Assigned task » Produce as output only the lines below starting at the line with "Group of tomatoes over white background" and continuing through the line with "Samick (c2010)", each one exactly as written.

Records drawn from a dataset:
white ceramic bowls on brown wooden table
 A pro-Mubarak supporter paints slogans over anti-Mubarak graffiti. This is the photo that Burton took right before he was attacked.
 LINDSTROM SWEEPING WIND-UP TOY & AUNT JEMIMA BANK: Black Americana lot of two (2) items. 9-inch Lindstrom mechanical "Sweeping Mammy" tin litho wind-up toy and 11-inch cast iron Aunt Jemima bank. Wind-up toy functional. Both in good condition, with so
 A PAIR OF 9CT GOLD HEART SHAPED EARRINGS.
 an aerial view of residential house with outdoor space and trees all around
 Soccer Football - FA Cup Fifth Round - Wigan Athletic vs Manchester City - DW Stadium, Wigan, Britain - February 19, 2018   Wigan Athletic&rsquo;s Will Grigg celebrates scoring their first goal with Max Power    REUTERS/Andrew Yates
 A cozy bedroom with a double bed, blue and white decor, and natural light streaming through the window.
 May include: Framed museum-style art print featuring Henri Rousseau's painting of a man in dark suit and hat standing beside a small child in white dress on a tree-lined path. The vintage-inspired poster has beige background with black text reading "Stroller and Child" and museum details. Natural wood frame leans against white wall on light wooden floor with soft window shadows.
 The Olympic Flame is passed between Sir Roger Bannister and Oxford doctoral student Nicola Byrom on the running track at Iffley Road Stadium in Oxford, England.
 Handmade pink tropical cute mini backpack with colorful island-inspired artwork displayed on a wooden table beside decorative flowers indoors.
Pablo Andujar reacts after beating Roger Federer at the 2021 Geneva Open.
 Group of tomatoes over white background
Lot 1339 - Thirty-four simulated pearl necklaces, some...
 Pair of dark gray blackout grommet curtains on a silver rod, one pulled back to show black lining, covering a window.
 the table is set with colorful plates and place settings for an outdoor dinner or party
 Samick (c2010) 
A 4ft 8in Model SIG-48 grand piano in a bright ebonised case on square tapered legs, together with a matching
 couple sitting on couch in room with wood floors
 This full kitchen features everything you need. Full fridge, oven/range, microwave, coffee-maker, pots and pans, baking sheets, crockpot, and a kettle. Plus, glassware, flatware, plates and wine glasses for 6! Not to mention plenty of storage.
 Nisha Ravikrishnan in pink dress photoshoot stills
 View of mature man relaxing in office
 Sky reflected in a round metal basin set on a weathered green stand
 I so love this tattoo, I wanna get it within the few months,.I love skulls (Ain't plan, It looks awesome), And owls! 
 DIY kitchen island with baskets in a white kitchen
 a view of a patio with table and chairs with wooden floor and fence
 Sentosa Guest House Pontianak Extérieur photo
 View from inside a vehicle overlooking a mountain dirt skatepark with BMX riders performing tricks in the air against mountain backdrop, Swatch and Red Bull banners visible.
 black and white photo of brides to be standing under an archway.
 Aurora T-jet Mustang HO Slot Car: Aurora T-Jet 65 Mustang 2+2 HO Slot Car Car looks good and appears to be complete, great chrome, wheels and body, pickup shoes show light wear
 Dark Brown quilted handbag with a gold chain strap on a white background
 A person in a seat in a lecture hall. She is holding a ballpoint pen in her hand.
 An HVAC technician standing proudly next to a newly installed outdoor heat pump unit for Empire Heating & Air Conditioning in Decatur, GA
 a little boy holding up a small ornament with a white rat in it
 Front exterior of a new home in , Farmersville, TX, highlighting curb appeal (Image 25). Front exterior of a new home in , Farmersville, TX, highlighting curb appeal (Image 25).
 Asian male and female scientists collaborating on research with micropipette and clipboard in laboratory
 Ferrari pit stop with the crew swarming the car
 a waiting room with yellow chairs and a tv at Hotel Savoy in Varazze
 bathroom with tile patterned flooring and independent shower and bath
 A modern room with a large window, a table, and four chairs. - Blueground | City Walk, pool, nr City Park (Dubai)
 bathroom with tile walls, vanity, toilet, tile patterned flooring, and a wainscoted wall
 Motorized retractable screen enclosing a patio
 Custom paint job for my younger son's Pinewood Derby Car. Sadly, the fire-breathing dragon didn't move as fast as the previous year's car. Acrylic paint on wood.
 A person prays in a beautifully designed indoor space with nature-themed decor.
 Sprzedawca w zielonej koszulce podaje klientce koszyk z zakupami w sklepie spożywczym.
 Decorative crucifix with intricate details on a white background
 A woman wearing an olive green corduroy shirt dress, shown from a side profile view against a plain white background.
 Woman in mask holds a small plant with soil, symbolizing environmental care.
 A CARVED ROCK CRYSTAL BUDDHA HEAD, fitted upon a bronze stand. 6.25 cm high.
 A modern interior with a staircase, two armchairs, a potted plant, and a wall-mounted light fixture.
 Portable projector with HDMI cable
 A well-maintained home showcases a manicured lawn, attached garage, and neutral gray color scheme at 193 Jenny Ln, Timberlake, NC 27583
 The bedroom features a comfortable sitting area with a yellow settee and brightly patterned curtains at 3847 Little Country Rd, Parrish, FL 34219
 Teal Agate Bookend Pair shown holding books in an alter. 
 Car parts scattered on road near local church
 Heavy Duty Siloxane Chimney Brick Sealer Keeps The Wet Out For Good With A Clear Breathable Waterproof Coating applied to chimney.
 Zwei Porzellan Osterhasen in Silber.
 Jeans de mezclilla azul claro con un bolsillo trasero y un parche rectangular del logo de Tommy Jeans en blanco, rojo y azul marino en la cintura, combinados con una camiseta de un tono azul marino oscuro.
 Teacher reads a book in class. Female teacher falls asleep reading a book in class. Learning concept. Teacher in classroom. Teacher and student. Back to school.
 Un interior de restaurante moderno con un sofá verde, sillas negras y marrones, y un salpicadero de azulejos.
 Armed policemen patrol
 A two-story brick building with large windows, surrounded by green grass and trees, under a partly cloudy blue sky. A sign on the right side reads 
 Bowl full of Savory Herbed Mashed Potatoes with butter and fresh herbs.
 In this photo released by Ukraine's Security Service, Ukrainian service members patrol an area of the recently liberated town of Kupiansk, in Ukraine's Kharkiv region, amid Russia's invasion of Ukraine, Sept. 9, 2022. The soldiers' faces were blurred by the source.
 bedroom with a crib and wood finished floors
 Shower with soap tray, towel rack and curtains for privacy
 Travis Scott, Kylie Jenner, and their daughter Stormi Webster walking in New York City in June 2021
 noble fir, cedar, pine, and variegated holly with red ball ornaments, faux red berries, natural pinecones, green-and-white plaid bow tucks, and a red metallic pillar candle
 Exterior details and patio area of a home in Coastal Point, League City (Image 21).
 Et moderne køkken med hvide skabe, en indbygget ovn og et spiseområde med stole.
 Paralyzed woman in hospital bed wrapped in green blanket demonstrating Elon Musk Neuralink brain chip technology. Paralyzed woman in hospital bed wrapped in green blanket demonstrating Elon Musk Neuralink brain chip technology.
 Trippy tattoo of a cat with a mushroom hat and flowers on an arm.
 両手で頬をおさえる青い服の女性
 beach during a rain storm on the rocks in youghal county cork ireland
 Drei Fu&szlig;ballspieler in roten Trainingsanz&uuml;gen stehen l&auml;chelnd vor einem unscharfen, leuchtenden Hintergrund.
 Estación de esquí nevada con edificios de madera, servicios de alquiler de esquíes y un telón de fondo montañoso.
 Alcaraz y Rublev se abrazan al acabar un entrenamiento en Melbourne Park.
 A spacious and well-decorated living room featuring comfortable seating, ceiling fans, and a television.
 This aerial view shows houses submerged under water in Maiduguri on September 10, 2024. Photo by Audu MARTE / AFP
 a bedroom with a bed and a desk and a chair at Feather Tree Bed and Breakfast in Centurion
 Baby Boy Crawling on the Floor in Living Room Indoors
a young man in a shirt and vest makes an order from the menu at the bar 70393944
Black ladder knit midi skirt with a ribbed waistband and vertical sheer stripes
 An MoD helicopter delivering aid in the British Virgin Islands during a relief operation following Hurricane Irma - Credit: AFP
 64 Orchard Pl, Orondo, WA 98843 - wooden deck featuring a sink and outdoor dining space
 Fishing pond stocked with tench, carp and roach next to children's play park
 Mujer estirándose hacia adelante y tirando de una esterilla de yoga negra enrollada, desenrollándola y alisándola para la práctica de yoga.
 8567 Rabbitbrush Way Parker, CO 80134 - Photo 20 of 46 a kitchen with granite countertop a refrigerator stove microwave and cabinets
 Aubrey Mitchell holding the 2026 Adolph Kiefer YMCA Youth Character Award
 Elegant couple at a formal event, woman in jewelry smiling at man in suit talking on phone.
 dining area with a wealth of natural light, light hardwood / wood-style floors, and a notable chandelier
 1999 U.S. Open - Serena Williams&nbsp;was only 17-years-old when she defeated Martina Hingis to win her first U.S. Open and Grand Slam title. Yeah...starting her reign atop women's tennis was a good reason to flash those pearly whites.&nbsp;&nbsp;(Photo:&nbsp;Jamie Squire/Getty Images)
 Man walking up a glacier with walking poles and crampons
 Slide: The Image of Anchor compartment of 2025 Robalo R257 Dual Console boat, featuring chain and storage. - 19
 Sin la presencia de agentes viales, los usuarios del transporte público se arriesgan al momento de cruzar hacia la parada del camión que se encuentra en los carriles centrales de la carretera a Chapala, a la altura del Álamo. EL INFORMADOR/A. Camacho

Response to the exercise »
 Group of tomatoes over white background
Lot 1339 - Thirty-four simulated pearl necklaces, some...
 Pair of dark gray blackout grommet curtains on a silver rod, one pulled back to show black lining, covering a window.
 the table is set with colorful plates and place settings for an outdoor dinner or party
 Samick (c2010) 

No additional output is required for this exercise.